L’annonce a immédiatement eu un impact sur le marché, puisque l’action Nvidia a gagné 2% après la clôture de Wall Street, après avoir déjà pris 3% en séance, portée par la rumeur de cet accord. Selon Trump, le président chinois Xi Jinping a salué la décision.

Le département américain du Commerce finalise encore les modalités de l’accord, qui pourrait aussi concerner d’autres fabricants de puces d’IA, comme AMD et Intel. Cette mesure tranche un débat de fond : faut-il continuer à vendre des puces à la Chine ou restreindre les exportations pour préserver la suprématie technologique américaine ?

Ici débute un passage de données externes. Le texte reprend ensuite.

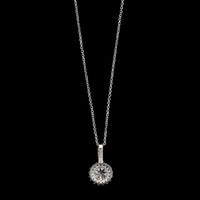 14K White Gold Estate Diamond Halo Pendant Necklace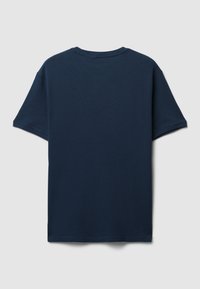 T-shirt blu navy a maniche corte con texture, scollo rotondo e vestibilità rilassata, con cuciture a vista e orlo dritto.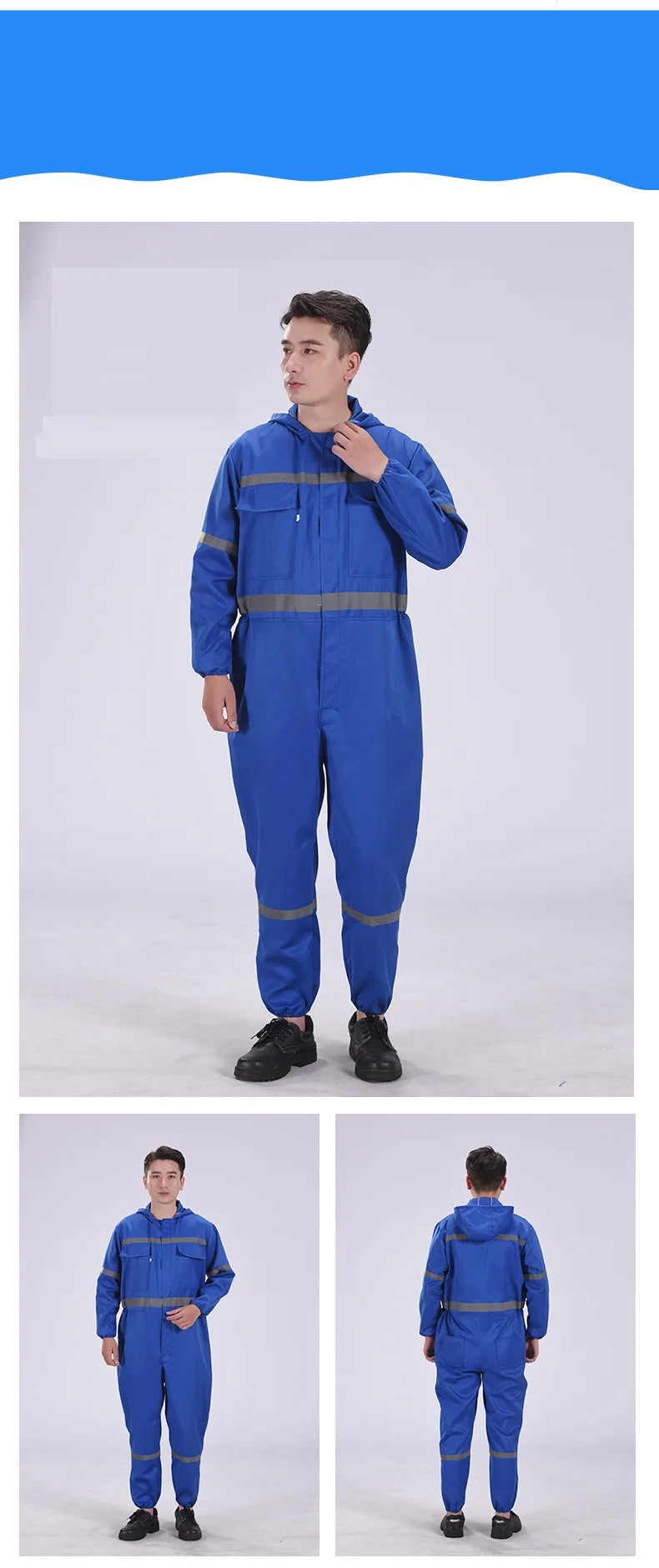 Hi Vis safety working overalls hooded coveralls workshop auto repairman mechanics jumpsuit dust proof working rompers Coal Miner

Certains parlementaires, notamment chez les démocrates, dénoncent une décision "dangereuse" sur les plans économique et sécuritaire. Des experts rappellent que la H200 est près de six fois plus puissante que la H20, actuellement la plus avancée des puces exportables vers la Chine. Elle reste toutefois moins performante que les modèles Blackwell, réservés au marché américain et utilisés pour l’entraînement et le déploiement des systèmes d’IA.